**Task description:** An exact copy of the data is needed, but without any of its images.

**Data excerpts:**

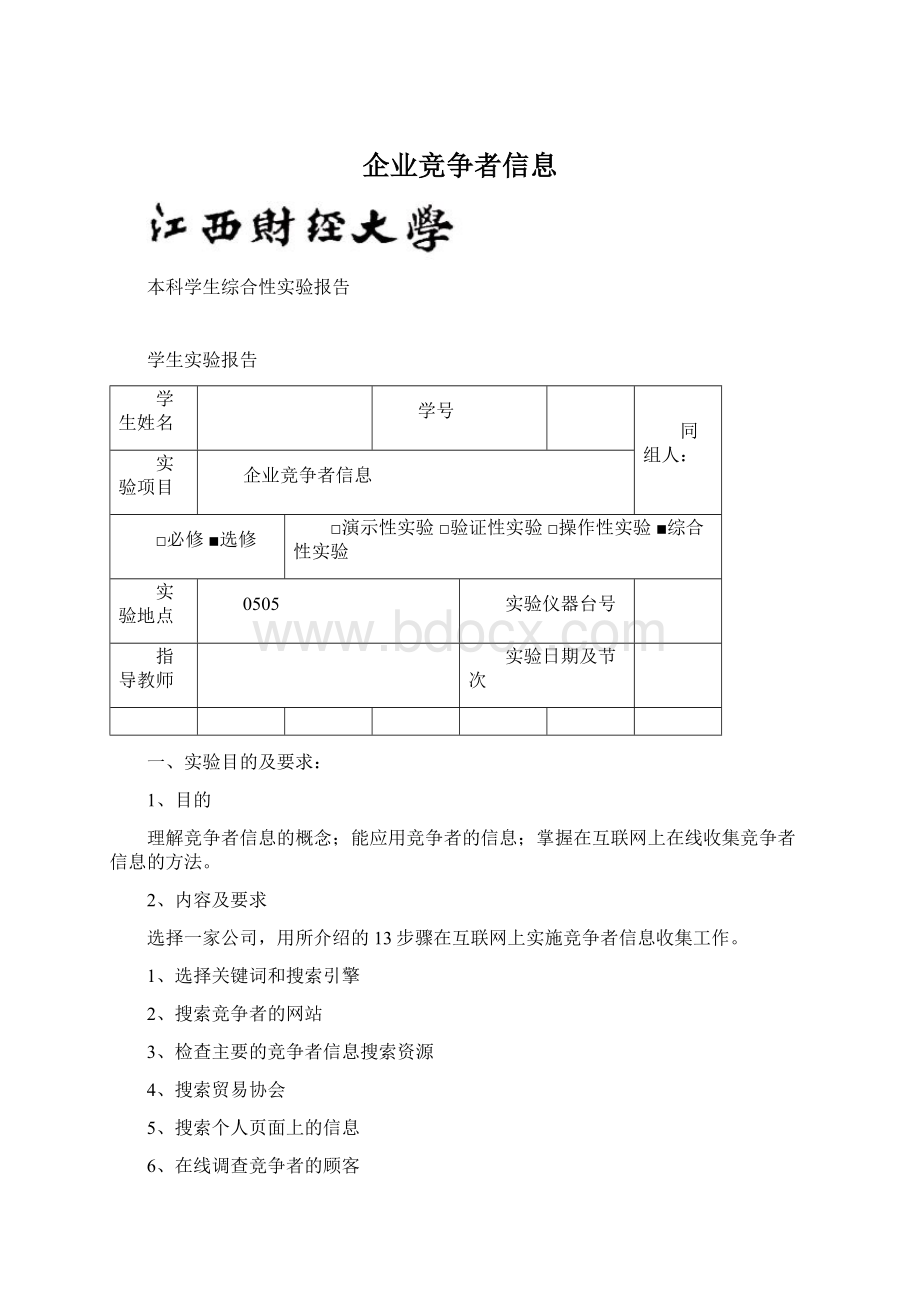 企业竞争者信息.docx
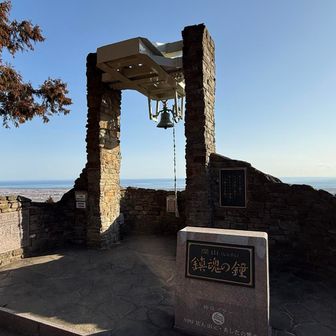 今回は周回しないで、プチ周回して急いで帰ります💦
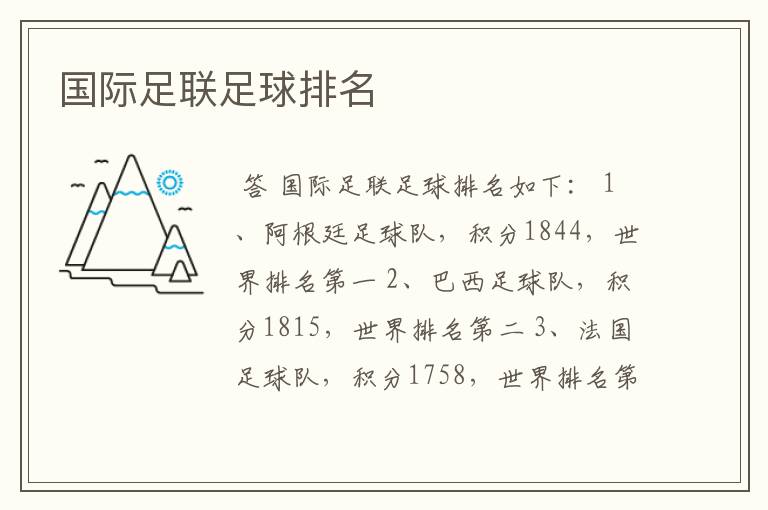 国际足联足球排名
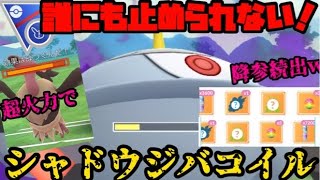 【ポケモンGO】シャドウジバコイルが誰にも止められない！【スーパーリーグリミックス】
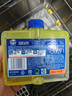 finish亮碟洗碗機用機體清潔劑去油污除水垢深層清潔養護250ml*4瓶 曬單實(shí)拍圖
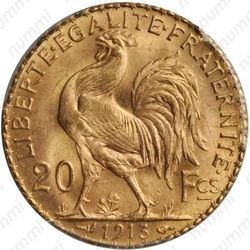 20 франков 1913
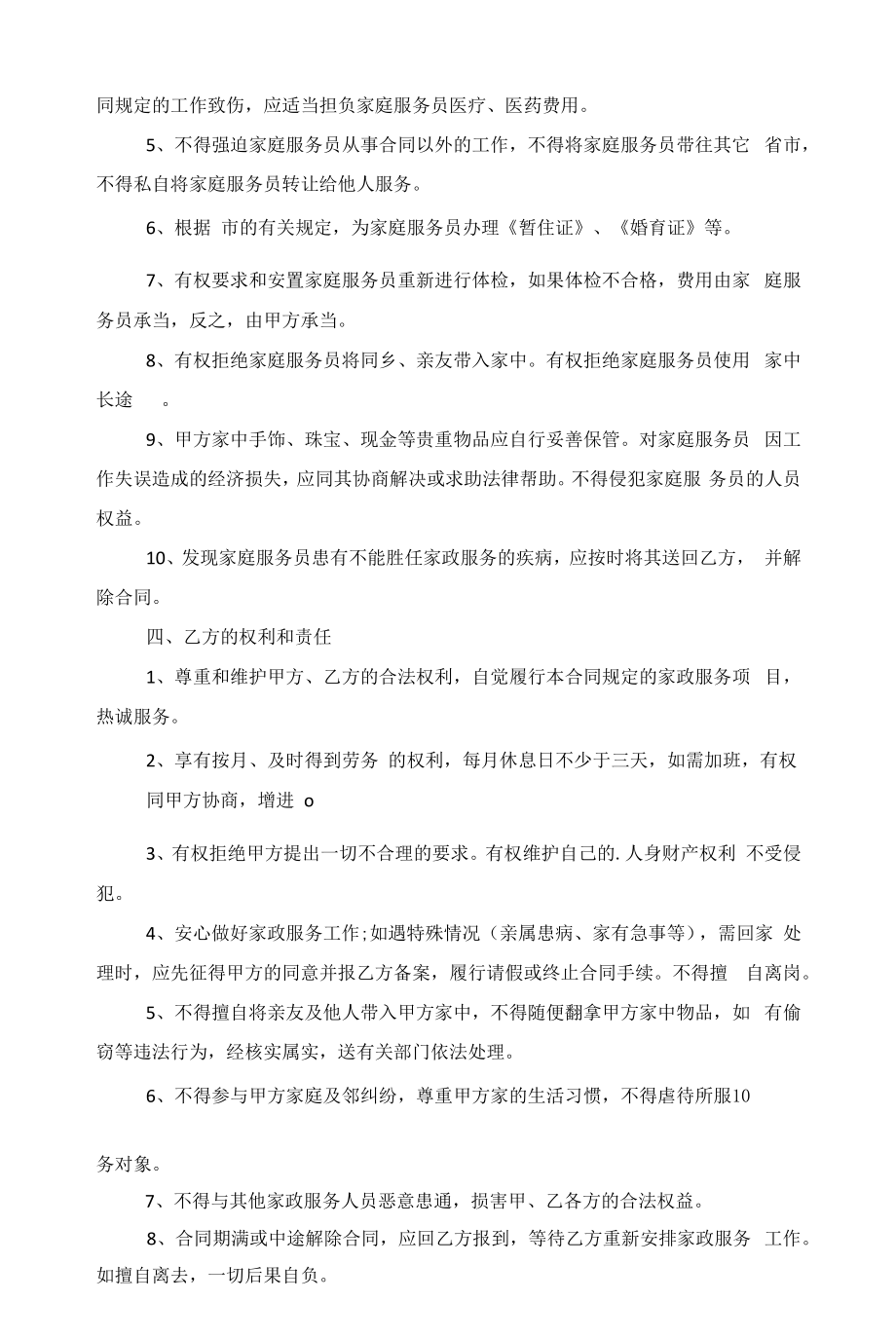 职员雇佣合同协议参考范文.docx_第2页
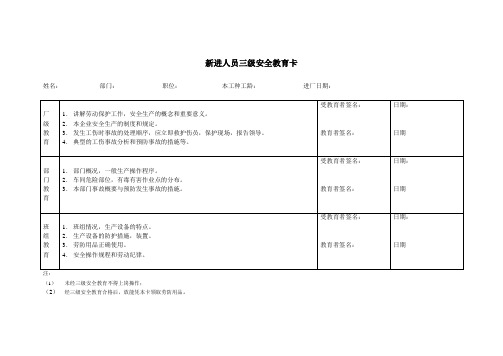 新进人员三级安全教育卡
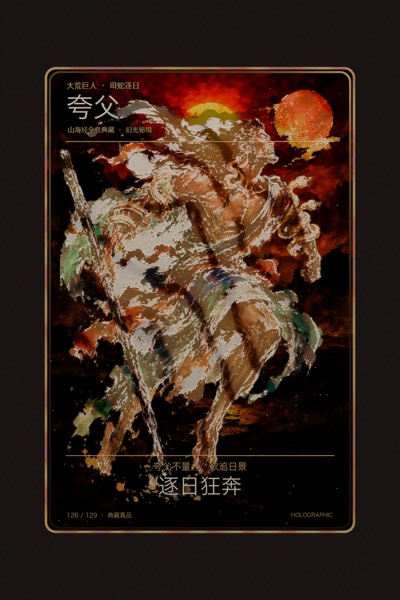 夸父卡面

**Solution:**
 企业竞争者信息.docx
 今回は周回しないで、プチ周回して急いで帰ります💦
 国际足联足球排名
 【ポケモンGO】シャドウジバコイルが誰にも止められない！【スーパーリーグリミックス】
 finish亮碟洗碗機用機體清潔劑去油污除水垢深層清潔養護250ml*4瓶 曬單實(shí)拍圖
 20 франков 1913
 职员雇佣合同协议参考范文.docx_第2页
 新进人员三级安全教育卡
 夸父卡面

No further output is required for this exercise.